### Prerequisites

* Choose `Switch instance type` above
* Toggle `Fast launch only` to select more instance types
* Change instance type to `ml.m5.2xlarge`
* For Kernel, choose `Python 3 (Data Science)`

##### > Install dependencies 

In [None]:
%%capture 

!pip install sagemaker==2.100.0
!pip install boto3==1.24.12
!pip install kaggle==1.5.12
!pip install pandas==1.0.1

**Note:** Recommended to restart the Kernel after installing the dependencies above

### Imports 

In [None]:
from sagemaker import Session
from pandas import DataFrame
from time import sleep
import pandas as pd
import sagemaker
import logging
import pickle
import boto3
import os

##### > Setup logging

In [None]:
logger = logging.getLogger('sagemaker')
logger.setLevel(logging.DEBUG)
logger.addHandler(logging.StreamHandler())

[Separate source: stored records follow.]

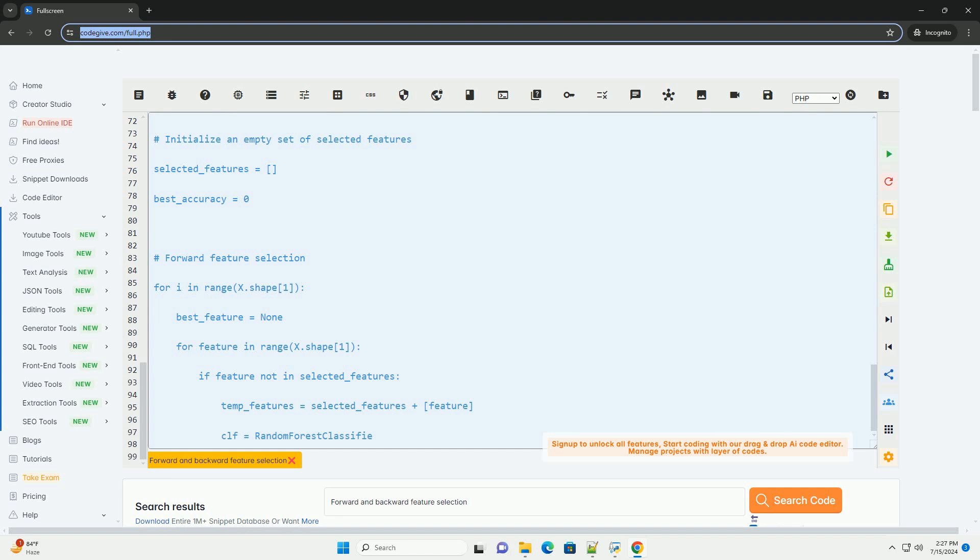Backward Feature Selection starts with all features and removes one feature at a time based on a predefined criterion, e.g. drop in model performance. The process continues until a stopping criterion is met.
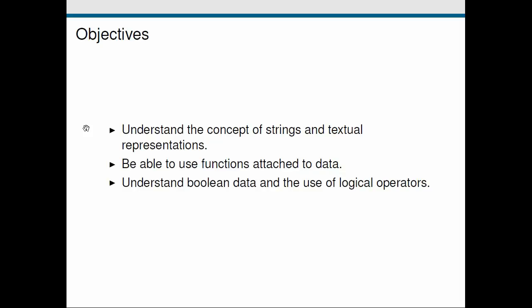Let's look back at our objectives for this screencast. We talked about strings as collections of characters and how we can define and use operators with and access the characters that make up a string. Next, we looked at how we can use functions attached to strings, like how we convert all the characters to uppercase. Finally, we discussed boolean values, true and false, and talked about how we can logically combine booleans and how we can create them by using these comparison operators.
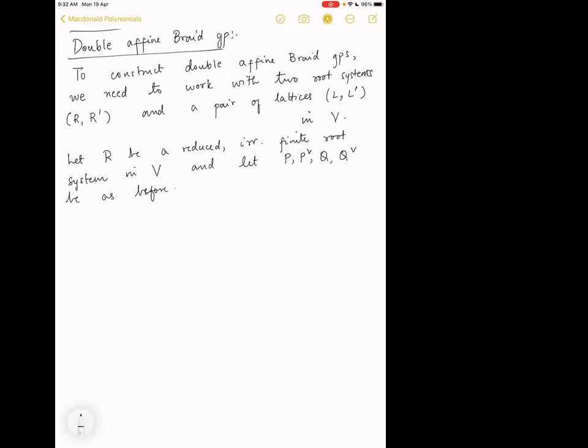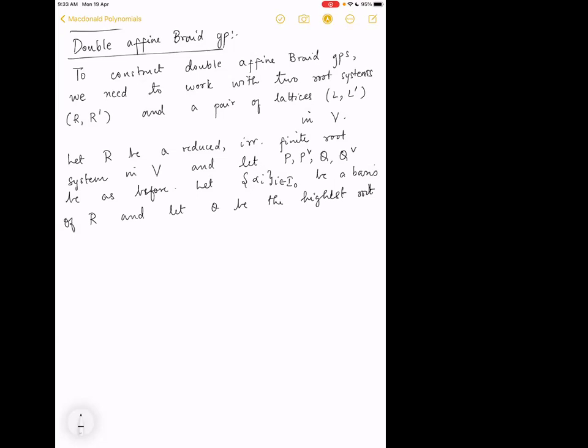Let {α_i, i ∈ I₀} be a basis — this amounts to choosing a Weyl chamber and a basis of R. Let θ be the highest root of R relative to this basis, and normalize the scalar product on V so that (θ, θ) = 2, that is, θ-check equals θ.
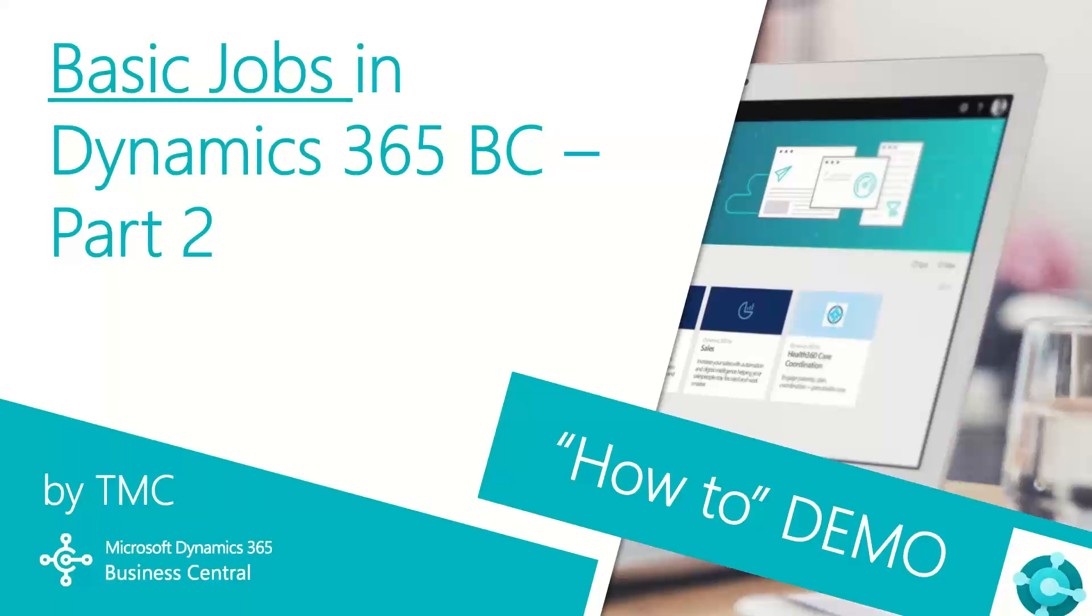Hello, and welcome to TMC's how-to demo series for Dynamics 365 Business Central, where we explore the features of Business Central for basic tasks within your organization.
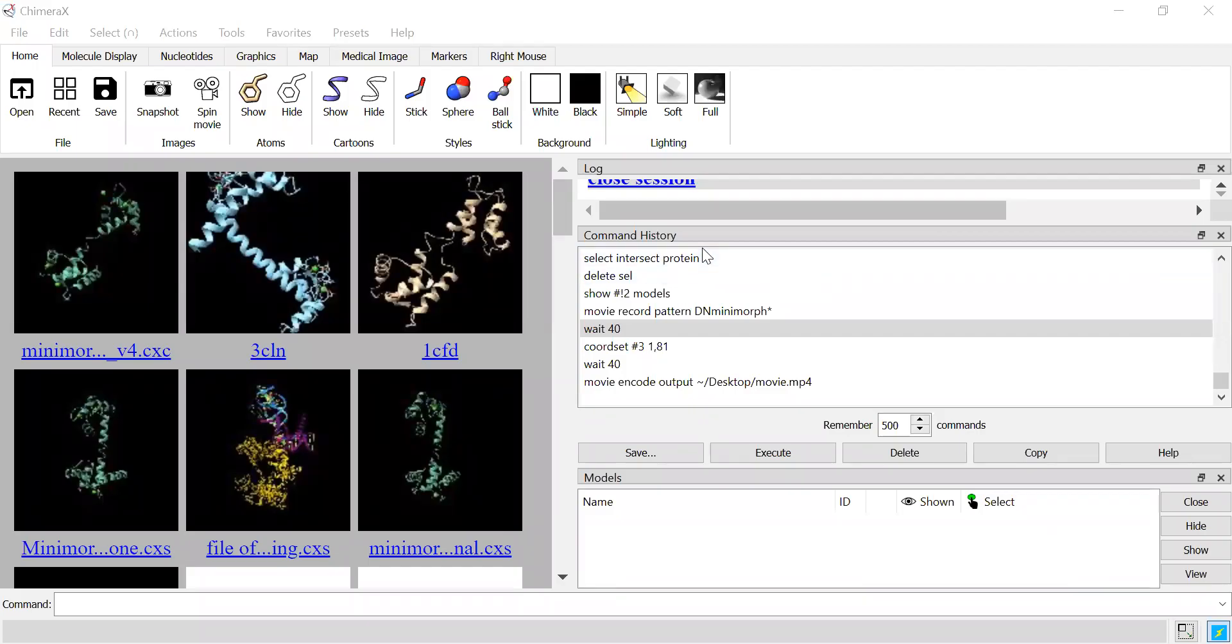All right, welcome. So we're going to talk about the select intersect tool and how to use it on a particular type of group.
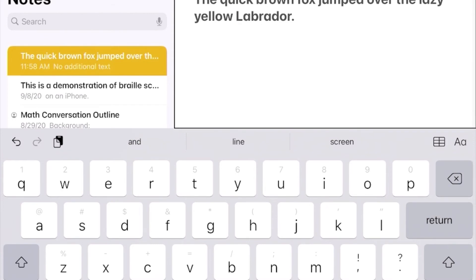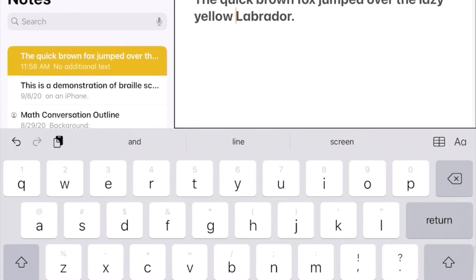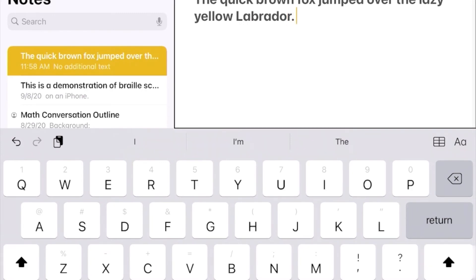To move your cursor to a specific point in the text, use your cursor routers — press the cursor router above the cell you need. You can also use the rotor to move through text: use space dots 2-3 or space dots 5-6 to turn the rotor. With the rotor on Characters, use space dot 6 to move along the word character by character. You can also use this method for text selection or copy and paste from your Braille display.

##### > Log versions of dependencies

In [None]:
logger.info(f'[Using SageMaker version: {sagemaker.__version__}]')
logger.info(f'[Using Boto3 version: {boto3.__version__}]')
logger.info(f'[Using Pandas version: {pd.__version__}]')

### Essentials

In [None]:
session = Session()
s3 = boto3.resource('s3')

S3_BUCKET = session.default_bucket()
S3_DATA_FOLDER = 'data'

logger.info(f'S3 bucket = {S3_BUCKET}')

### Prepare data

##### > Follow the instructions below to download COVID news articles dataset from kaggle here: https://www.kaggle.com/datasets/timmayer/covid-news-articles-2020-2022/

* Create a Kaggle account if you don't have one using an email id.
* Once you have an account, under Account, click `Create New API Token` button as shown below.<br>
![kaggle-credentials](./../img/kaggle-credentials.png)<br>
* This should download a JSON file named `kaggle.json` with your API credentials.
* Copy the `username` and `key` from the downloaded JSON and assign it to the environment variables as shown below.

In [None]:
os.environ['KAGGLE_USERNAME'] = 'ENTER YOUR KAGGLE USERNAME>'
os.environ['KAGGLE_KEY'] = 'ENTER YOUR KAGGLE KEY'

##### > Download raw dataset from Kaggle to your local directory

In [None]:
!kaggle datasets download -d timmayer/covid-news-articles-2020-2022 
!unzip covid-news-articles-2020-2022.zip

##### > Upload raw dataset from local to S3

In [None]:
!aws s3 cp covid_articles_raw.csv s3://{S3_BUCKET}/data/covid_articles_raw.csv 

In [None]:
RAW_INPUT_DATA_S3_LOCATION = f's3://{S3_BUCKET}/data/covid_articles_raw.csv'

##### > Read raw dataset into a pandas dataframe

In [None]:
%%time

df = pd.read_csv(RAW_INPUT_DATA_S3_LOCATION)
df.dropna(inplace=True)
df = df.apply(lambda x: x.str.lower())
df.head()

In [None]:
df.shape

### III. Prepare dataset for BERT MLM training 

In [None]:
mlm_df = df[['title', 'content']].copy()
mlm_df['content'] = mlm_df['content'].apply(lambda x: x.replace('hi, what are you looking for?\nby\npublished\n', ''))
mlm_df['content'] = mlm_df['content'].apply(lambda x: x.replace('\n', ' '))
mlm_df.head()

In [None]:
mlm_df.shape

In [None]:
with open('covid_articles.txt', 'w', encoding='utf-8') as f:
    for title, content in zip(mlm_df.title.values, mlm_df.content.values):
        f.write('\n'.join([title, content]))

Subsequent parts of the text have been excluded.